_ACTIVITY:_
Print each record below word for word.

_INFORMATION SHOWN:_
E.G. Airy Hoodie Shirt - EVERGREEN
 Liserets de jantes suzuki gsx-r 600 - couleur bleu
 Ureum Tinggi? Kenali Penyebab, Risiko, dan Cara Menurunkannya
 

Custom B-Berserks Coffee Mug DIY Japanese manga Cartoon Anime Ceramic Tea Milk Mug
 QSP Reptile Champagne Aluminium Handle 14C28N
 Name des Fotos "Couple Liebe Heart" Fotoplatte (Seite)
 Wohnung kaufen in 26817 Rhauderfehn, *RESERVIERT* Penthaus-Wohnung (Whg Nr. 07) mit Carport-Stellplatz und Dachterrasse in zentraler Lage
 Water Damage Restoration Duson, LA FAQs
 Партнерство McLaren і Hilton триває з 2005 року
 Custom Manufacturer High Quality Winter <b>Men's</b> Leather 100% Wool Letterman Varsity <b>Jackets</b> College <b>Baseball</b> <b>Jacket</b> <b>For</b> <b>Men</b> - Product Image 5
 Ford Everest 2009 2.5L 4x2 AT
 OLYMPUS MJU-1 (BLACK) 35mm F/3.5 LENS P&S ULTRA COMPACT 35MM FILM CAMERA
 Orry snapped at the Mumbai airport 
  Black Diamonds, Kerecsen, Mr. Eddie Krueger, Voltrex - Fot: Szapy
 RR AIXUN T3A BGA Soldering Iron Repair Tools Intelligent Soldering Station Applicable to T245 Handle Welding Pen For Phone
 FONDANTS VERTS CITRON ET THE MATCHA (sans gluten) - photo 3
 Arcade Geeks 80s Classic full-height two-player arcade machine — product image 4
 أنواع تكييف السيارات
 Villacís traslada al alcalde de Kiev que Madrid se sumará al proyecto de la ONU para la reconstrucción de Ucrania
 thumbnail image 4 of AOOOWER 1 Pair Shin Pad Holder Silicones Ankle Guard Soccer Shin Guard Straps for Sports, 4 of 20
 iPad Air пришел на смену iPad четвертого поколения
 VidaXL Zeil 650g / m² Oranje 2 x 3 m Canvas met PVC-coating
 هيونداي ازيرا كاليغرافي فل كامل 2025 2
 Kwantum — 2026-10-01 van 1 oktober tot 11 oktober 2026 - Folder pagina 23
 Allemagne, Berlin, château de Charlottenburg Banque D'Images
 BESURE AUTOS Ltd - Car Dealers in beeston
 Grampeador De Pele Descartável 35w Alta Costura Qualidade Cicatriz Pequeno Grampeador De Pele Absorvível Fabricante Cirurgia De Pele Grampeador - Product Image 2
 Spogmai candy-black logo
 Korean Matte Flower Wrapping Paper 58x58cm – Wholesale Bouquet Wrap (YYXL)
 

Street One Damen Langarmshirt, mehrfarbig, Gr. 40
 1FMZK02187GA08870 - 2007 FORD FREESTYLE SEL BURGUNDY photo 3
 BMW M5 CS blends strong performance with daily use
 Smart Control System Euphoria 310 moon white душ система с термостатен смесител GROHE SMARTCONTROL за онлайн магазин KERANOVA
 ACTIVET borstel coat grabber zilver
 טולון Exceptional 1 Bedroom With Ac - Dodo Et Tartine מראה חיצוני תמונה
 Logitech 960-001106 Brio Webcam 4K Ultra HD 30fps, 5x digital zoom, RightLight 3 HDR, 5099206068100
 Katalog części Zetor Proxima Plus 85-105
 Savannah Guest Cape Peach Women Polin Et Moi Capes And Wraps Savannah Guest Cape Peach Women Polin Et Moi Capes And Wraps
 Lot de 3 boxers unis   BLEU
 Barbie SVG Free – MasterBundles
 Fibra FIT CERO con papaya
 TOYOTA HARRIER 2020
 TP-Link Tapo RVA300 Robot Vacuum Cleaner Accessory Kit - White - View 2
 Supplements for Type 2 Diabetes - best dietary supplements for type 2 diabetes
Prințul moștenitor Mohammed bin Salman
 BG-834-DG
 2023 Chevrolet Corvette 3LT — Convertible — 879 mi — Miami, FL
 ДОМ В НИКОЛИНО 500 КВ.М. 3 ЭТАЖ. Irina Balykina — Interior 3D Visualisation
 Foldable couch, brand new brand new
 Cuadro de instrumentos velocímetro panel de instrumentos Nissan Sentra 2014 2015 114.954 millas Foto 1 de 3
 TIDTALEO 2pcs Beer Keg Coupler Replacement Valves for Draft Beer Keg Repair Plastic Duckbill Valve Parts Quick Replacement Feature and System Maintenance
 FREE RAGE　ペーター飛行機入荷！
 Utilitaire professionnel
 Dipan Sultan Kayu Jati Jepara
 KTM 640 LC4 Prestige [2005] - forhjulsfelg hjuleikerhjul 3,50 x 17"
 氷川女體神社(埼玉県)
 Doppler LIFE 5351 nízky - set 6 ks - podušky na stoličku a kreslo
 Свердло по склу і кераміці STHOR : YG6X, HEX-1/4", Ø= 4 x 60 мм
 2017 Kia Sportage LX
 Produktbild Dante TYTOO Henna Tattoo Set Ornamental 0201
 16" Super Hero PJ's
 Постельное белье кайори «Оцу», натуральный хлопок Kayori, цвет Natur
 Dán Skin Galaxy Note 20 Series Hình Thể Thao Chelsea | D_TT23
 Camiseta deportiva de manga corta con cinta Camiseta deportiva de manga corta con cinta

_EXERCISE SOLUTION:_
E.G. Airy Hoodie Shirt - EVERGREEN
 Liserets de jantes suzuki gsx-r 600 - couleur bleu
 Ureum Tinggi? Kenali Penyebab, Risiko, dan Cara Menurunkannya
 

Custom B-Berserks Coffee Mug DIY Japanese manga Cartoon Anime Ceramic Tea Milk Mug
 QSP Reptile Champagne Aluminium Handle 14C28N
 Name des Fotos "Couple Liebe Heart" Fotoplatte (Seite)
 Wohnung kaufen in 26817 Rhauderfehn, *RESERVIERT* Penthaus-Wohnung (Whg Nr. 07) mit Carport-Stellplatz und Dachterrasse in zentraler Lage
 Water Damage Restoration Duson, LA FAQs
 Партнерство McLaren і Hilton триває з 2005 року
 Custom Manufacturer High Quality Winter <b>Men's</b> Leather 100% Wool Letterman Varsity <b>Jackets</b> College <b>Baseball</b> <b>Jacket</b> <b>For</b> <b>Men</b> - Product Image 5
 Ford Everest 2009 2.5L 4x2 AT
 OLYMPUS MJU-1 (BLACK) 35mm F/3.5 LENS P&S ULTRA COMPACT 35MM FILM CAMERA
 Orry snapped at the Mumbai airport 
  Black Diamonds, Kerecsen, Mr. Eddie Krueger, Voltrex - Fot: Szapy
 RR AIXUN T3A BGA Soldering Iron Repair Tools Intelligent Soldering Station Applicable to T245 Handle Welding Pen For Phone
 FONDANTS VERTS CITRON ET THE MATCHA (sans gluten) - photo 3
 Arcade Geeks 80s Classic full-height two-player arcade machine — product image 4
 أنواع تكييف السيارات
 Villacís traslada al alcalde de Kiev que Madrid se sumará al proyecto de la ONU para la reconstrucción de Ucrania
 thumbnail image 4 of AOOOWER 1 Pair Shin Pad Holder Silicones Ankle Guard Soccer Shin Guard Straps for Sports, 4 of 20
 iPad Air пришел на смену iPad четвертого поколения
 VidaXL Zeil 650g / m² Oranje 2 x 3 m Canvas met PVC-coating
 هيونداي ازيرا كاليغرافي فل كامل 2025 2
 Kwantum — 2026-10-01 van 1 oktober tot 11 oktober 2026 - Folder pagina 23
 Allemagne, Berlin, château de Charlottenburg Banque D'Images
 BESURE AUTOS Ltd - Car Dealers in beeston
 Grampeador De Pele Descartável 35w Alta Costura Qualidade Cicatriz Pequeno Grampeador De Pele Absorvível Fabricante Cirurgia De Pele Grampeador - Product Image 2
 Spogmai candy-black logo
 Korean Matte Flower Wrapping Paper 58x58cm – Wholesale Bouquet Wrap (YYXL)
 

Street One Damen Langarmshirt, mehrfarbig, Gr. 40
 1FMZK02187GA08870 - 2007 FORD FREESTYLE SEL BURGUNDY photo 3
 BMW M5 CS blends strong performance with daily use
 Smart Control System Euphoria 310 moon white душ система с термостатен смесител GROHE SMARTCONTROL за онлайн магазин KERANOVA
 ACTIVET borstel coat grabber zilver
 טולון Exceptional 1 Bedroom With Ac - Dodo Et Tartine מראה חיצוני תמונה
 Logitech 960-001106 Brio Webcam 4K Ultra HD 30fps, 5x digital zoom, RightLight 3 HDR, 5099206068100
 Katalog części Zetor Proxima Plus 85-105
 Savannah Guest Cape Peach Women Polin Et Moi Capes And Wraps Savannah Guest Cape Peach Women Polin Et Moi Capes And Wraps
 Lot de 3 boxers unis   BLEU
 Barbie SVG Free – MasterBundles
 Fibra FIT CERO con papaya
 TOYOTA HARRIER 2020
 TP-Link Tapo RVA300 Robot Vacuum Cleaner Accessory Kit - White - View 2
 Supplements for Type 2 Diabetes - best dietary supplements for type 2 diabetes
Prințul moștenitor Mohammed bin Salman
 BG-834-DG
 2023 Chevrolet Corvette 3LT — Convertible — 879 mi — Miami, FL
 ДОМ В НИКОЛИНО 500 КВ.М. 3 ЭТАЖ. Irina Balykina — Interior 3D Visualisation
 Foldable couch, brand new brand new
 Cuadro de instrumentos velocímetro panel de instrumentos Nissan Sentra 2014 2015 114.954 millas Foto 1 de 3
 TIDTALEO 2pcs Beer Keg Coupler Replacement Valves for Draft Beer Keg Repair Plastic Duckbill Valve Parts Quick Replacement Feature and System Maintenance
 FREE RAGE　ペーター飛行機入荷！
 Utilitaire professionnel
 Dipan Sultan Kayu Jati Jepara
 KTM 640 LC4 Prestige [2005] - forhjulsfelg hjuleikerhjul 3,50 x 17"
 氷川女體神社(埼玉県)
 Doppler LIFE 5351 nízky - set 6 ks - podušky na stoličku a kreslo
 Свердло по склу і кераміці STHOR : YG6X, HEX-1/4", Ø= 4 x 60 мм
 2017 Kia Sportage LX
 Produktbild Dante TYTOO Henna Tattoo Set Ornamental 0201
 16" Super Hero PJ's
 Постельное белье кайори «Оцу», натуральный хлопок Kayori, цвет Natur
 Dán Skin Galaxy Note 20 Series Hình Thể Thao Chelsea | D_TT23
 Camiseta deportiva de manga corta con cinta Camiseta deportiva de manga corta con cinta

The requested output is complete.